Approach: Incremental Models & Key Strategies

We tackled these issues by embracing dbt’s incremental models, which process only new or updated records since the last run. Instead of monolithic daily rebuilds, our models continuously ingested changes in small bites. Below, we outline our key incremental strategiesappend, insert_overwrite, and merge — and how we tuned performance and cost.

Append Strategy

This is the simplest incremental approach: Each run adds new rows to the existing table and never touches old rows. It's ideal for append-only data (e.g. logs or transactions that never change after insertion).

In dbt, using append is straightforward. We configure the model as incremental and specify incremental_strategy='append' (supported in some adapters like Snowflake).

Note: append is not currently supported in BigQuery. Always confirm adapter support before choosing an incremental strategy.

In the SQL, we filter the source to only new records since the last load. For example, to incrementally load new transactions:

Code: Append Incremental Strategy

{{ config(
materialized = 'incremental',
incremental_strategy = 'append'
) }}
SELECT 
transaction_id,
customer_id,
transaction_date,
amount,
status
FROM {{ source('core', 'transactions') }}
{% if is_incremental() %}
WHERE transaction_date > (
SELECT MAX(transaction_date) FROM {{ this }}
)
{% endif %}

This query appends only transactions that have a transaction date later than the maximum transaction date in the target table.

Append Incremental Model – Before Incremental Run

transaction_idcustomer_idtransaction_dateamountstatus
10001C0012023-09-28₦12,000completed
10002C0022023-09-28₦5,000completed

Append Incremental Model – After Incremental Run

transaction_idcustomer_idtransaction_dateamountstatus
10001C0012023-09-28₦12,000completed
10002C0022023-09-28₦5,000completed
10003C0032023-09-29₦8,500completed
10004C0042023-09-30₦7,250completed
10005C0052023-09-30₦3,100pending

Illustration: The "Before" table shows data before an incremental run; the "After" table shows new transactions (in bold) added. No historical data is touched. Append is great for immutable data streams (like transaction logs or event streams that only ever grow).

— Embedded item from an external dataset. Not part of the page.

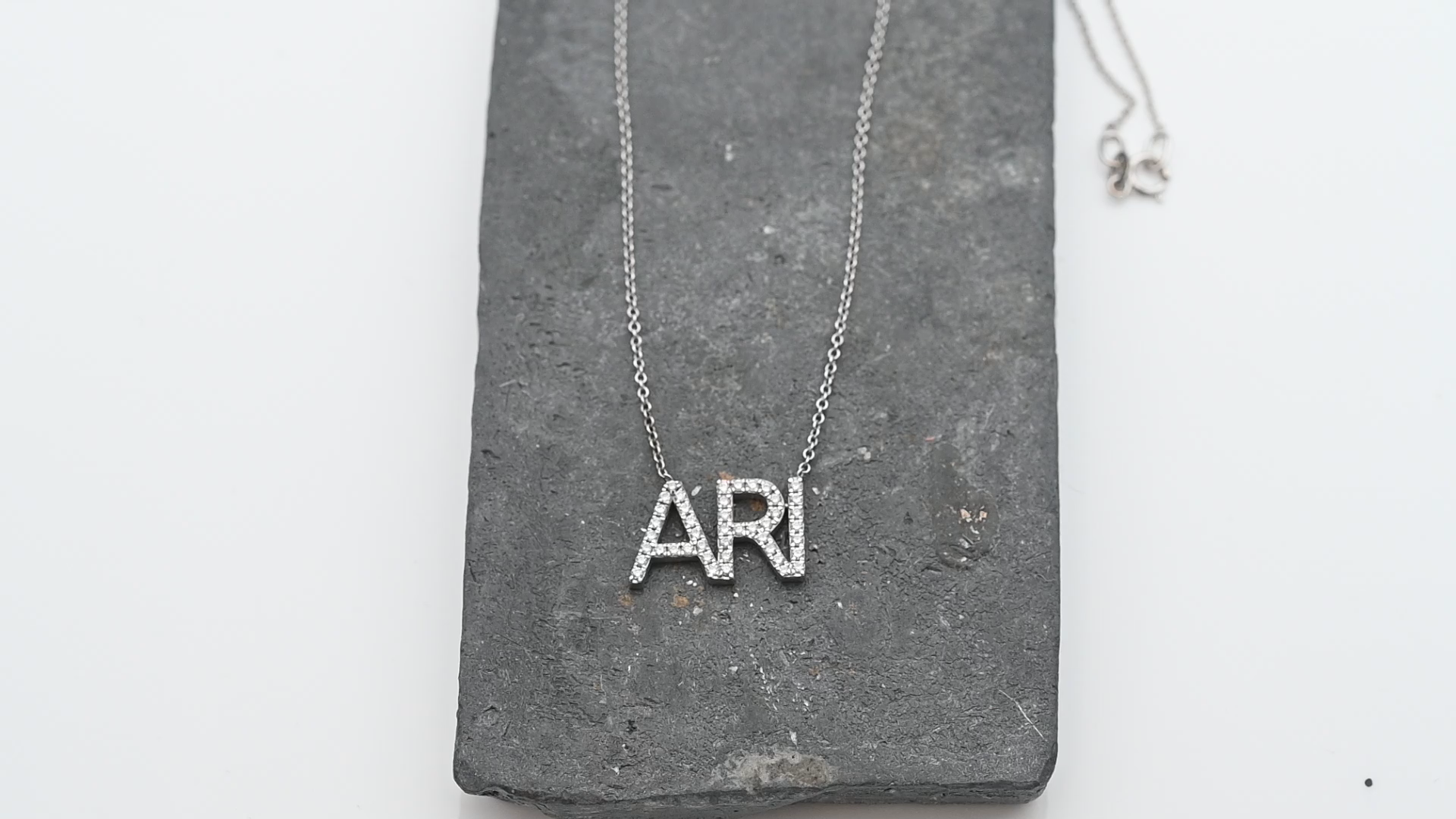 תליון עם הכיתוב ARI משובץ יהלומים, כולל שרשרת - מק"ט 51459, זהב 14K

Append served us well for ingestion pipelines that just accumulate history without reprocessing old data. However, we had to guard against duplicates (if the source might resend records, we applied deduplication or unique constraints). Also, pure append doesn’t handle updates or deletions to existing records. If data can change after insertion (e.g. a transaction status moves from "pending" to "completed"), a different strategy is needed.

Insert Overwrite Strategy

For data partitioned by date (or another key) that may need partial replacements, insert_overwrite is ideal. Instead of merging rows, this strategy overwrites entire partitions of the target table each run. The table must be partitioned (daily, hourly, etc.), and the model will drop and rebuild only the partitions that have new or updated data.

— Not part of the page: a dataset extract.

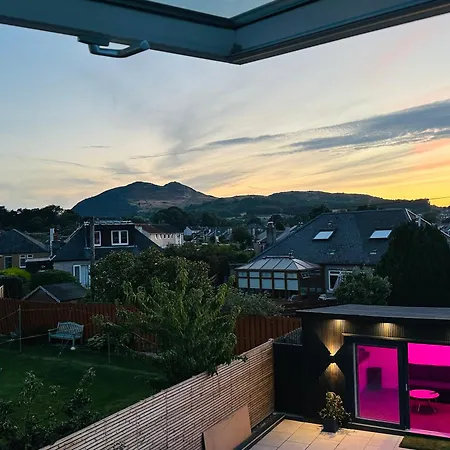 'the Garden Room' Sleeps 2 - Wifi Parking Апартаменты Эдинбург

We used insert_overwrite for partitioned data like daily aggregates, where changes are isolated by date. For example, if a table is partitioned by transaction_date, an insert_overwrite model can refresh just the partition for "2023-10-01" without affecting other days.

Here’s how we configured a model to use insert_overwrite on BigQuery:

Code: Insert Overwrite Strategy

{{ config(
materialized = 'incremental',
incremental_strategy = 'insert_overwrite',
partition_by = { 'field': 'transaction_date', 'data_type': 'date' }
) }}
SELECT
customer_id,
transaction_date,
amount,
transaction_type
FROM {{ source('core', 'transactions') }}
WHERE transaction_date >= {{ this.last_partition }}

Here, partition_by defines the table partition. The WHERE clause uses {{ this.last_partition }} (the latest partition already present in the target) to pull only data for new or updated partitions. On each run, BigQuery will replace any existing partition that meets the filter (e.g. the partition for the latest date) with the query results. Older partitions stay untouched.

Insert Overwrite Strategy – Before Incremental Run

transaction_datetransaction_idcustomer_idamountstatus
2023-09-2911001C011₦14,000completed
2023-09-2911002C012₦6,500completed
2023-10-0112001C021₦8,000pending
2023-10-0112002C022₦4,200completed

(Partition to be overwritten highlighted in bold.)

Insert Overwrite Strategy – After Incremental Run

transaction_datetransaction_idcustomer_idamountstatus
2023-09-2911001C011₦14,000completed
2023-09-2911002C012₦6,500completed
2023-10-0112003C023₦8,150completed
2023-10-0112004C024₦3,900completed
2023-10-0112005C025₦5,500completed

(New partition data is shown in bold, replacing the old partition.)

Illustration: "Before" shows a partitioned table with the October 1, 2023 partition highlighted; "After" shows that partition replaced with fresh rows. This approach lets us refresh a specific day’s data (e.g. to capture late-arriving transactions or corrections) without rebuilding the whole table.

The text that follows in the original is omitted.